Tejas (tsharm5): Fixing the pitchfork API (there were a lot of problems in the initial repo, feel free to check out the submodule to see specific changes, though we didn't focus on this because it was only fixing some heavily unmaintained code), writing code that performs sentiment analysis on pitchfork, creation of webpages on the front end, writing various scripts for database population, helping create and edit video presentation

Arsh (khndlwl3): Design and implementation of recommendation system, design and implementation of database, helping create video presentation

Overview of all Technology Used

Programming Languages Used

Python

HTML and CSS

JavaScript

Frameworks

Flask

Bootstrap

Libraries Used

Spotipy (for access to Spotify API)

Unofficial Pitchfork API (for access to Pitchfork reviews)

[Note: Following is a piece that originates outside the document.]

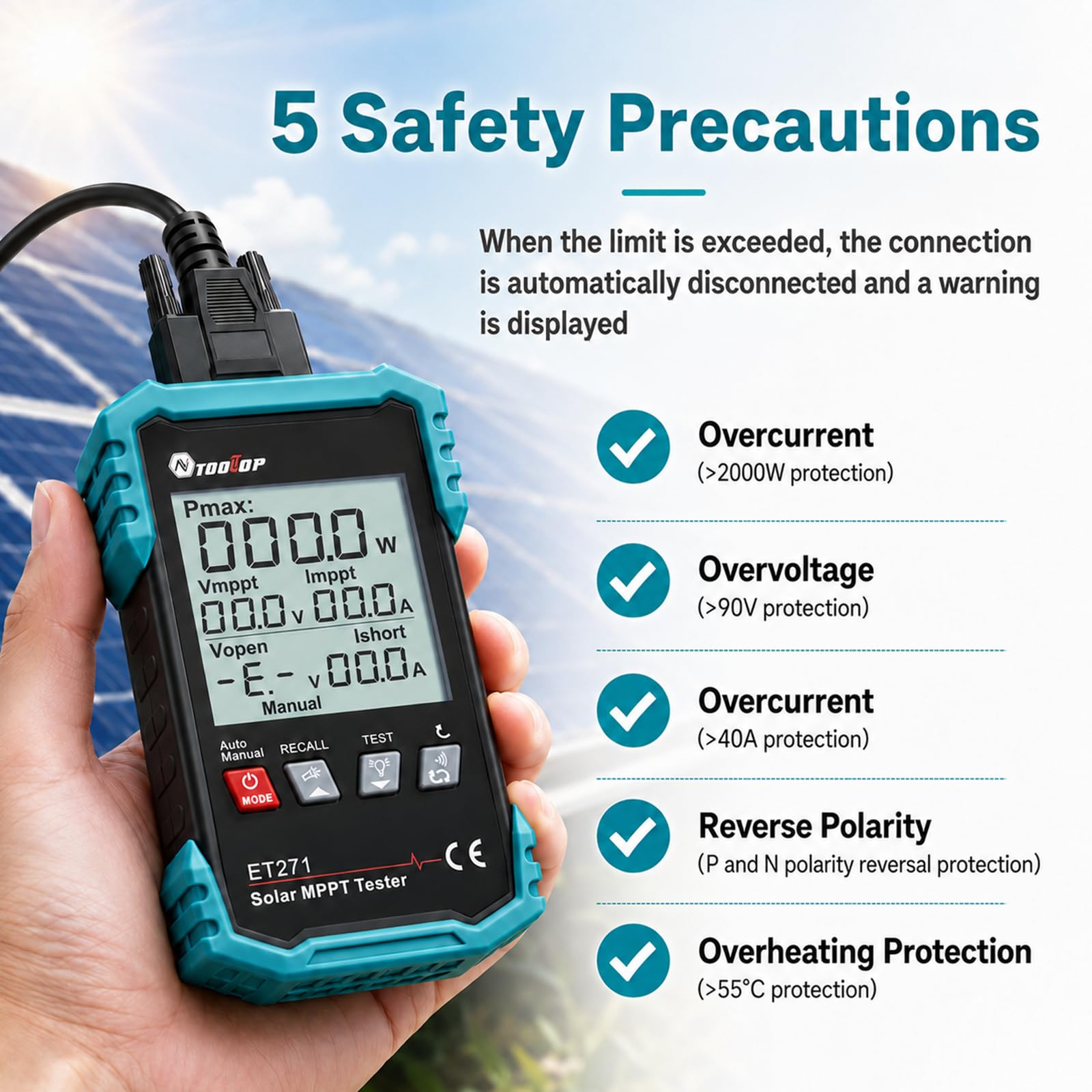 Tester Pannello Solare MPPT 2000W 2026 – Misurazione Auto/Manuale con Display LCD, Analizzatore Fotovoltaico Portatile 150V 40A, Voc Isc Vmp Pmax per Installazione e Manutenzione PV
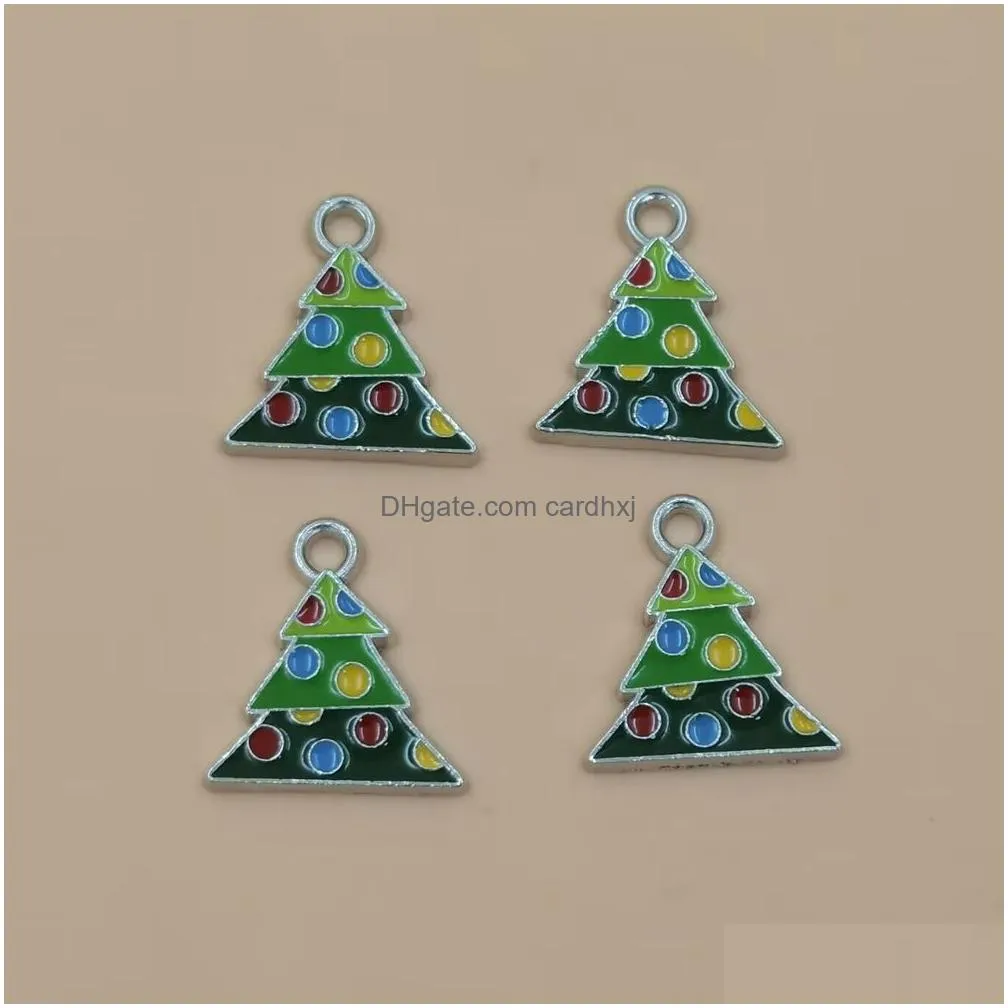 Charms 50Pcs Alloy Enamel Christmas Tree Charm Pendant For Diy Jewelry Making Bracelet Necklace Accessories Jewelry Jewelry Findings C Dhujd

Unofficial Billboard API (for access to Billboard charts)

NLTK (for VADER sentiment analysis)

Psycopg2 (for Database Queries)

Surprise (for recommender system)

Pandas (for data handling)

Installation

Clone the repo and install the packages in requirements.txt

After installing, make sure to download the necessary nltk files with the following commands in python:

>> import nltk
>> nltk.download('punkt')
>> nltk.download('vader_lexicon')

Setup for running locally

To run the website locally you first need to sign up for a spotify API key here. You also need to import the postgres database from the "db" folder using the information here. Assuming your main postgres user is "postgres" with no password, the following is the code to run the website locally.

$ git submodule init
$ git submodule update
$ export FLASK_APP=project.py
$ export FLASK_DEBUG=1
$ export SPOTIFY_CLIENT_ID=<client id from API>
$ export SPOTIFY_CLIENT_SECRET=<client secret from API>
$ export DATABASE_URL=postgres://postgres@localhost/<dbname>
$ flask run

Usage

Database Import/export

https://www.a2hosting.com/kb/developer-corner/postgresql/import-and-export-a-postgresql-database

Using the components

Getting the Pitchfork Rating

For getting what we call a "Pitchfork Rating" on our website, we query the spotify API to get a set of albums for an artist before using those pairs to get all the reviews on pitchfork for said artist.
Once we have this information, we apply sentiment analysis to the review text and using all this information, we generate an overall rating for the artist.
To use this component you can do the following.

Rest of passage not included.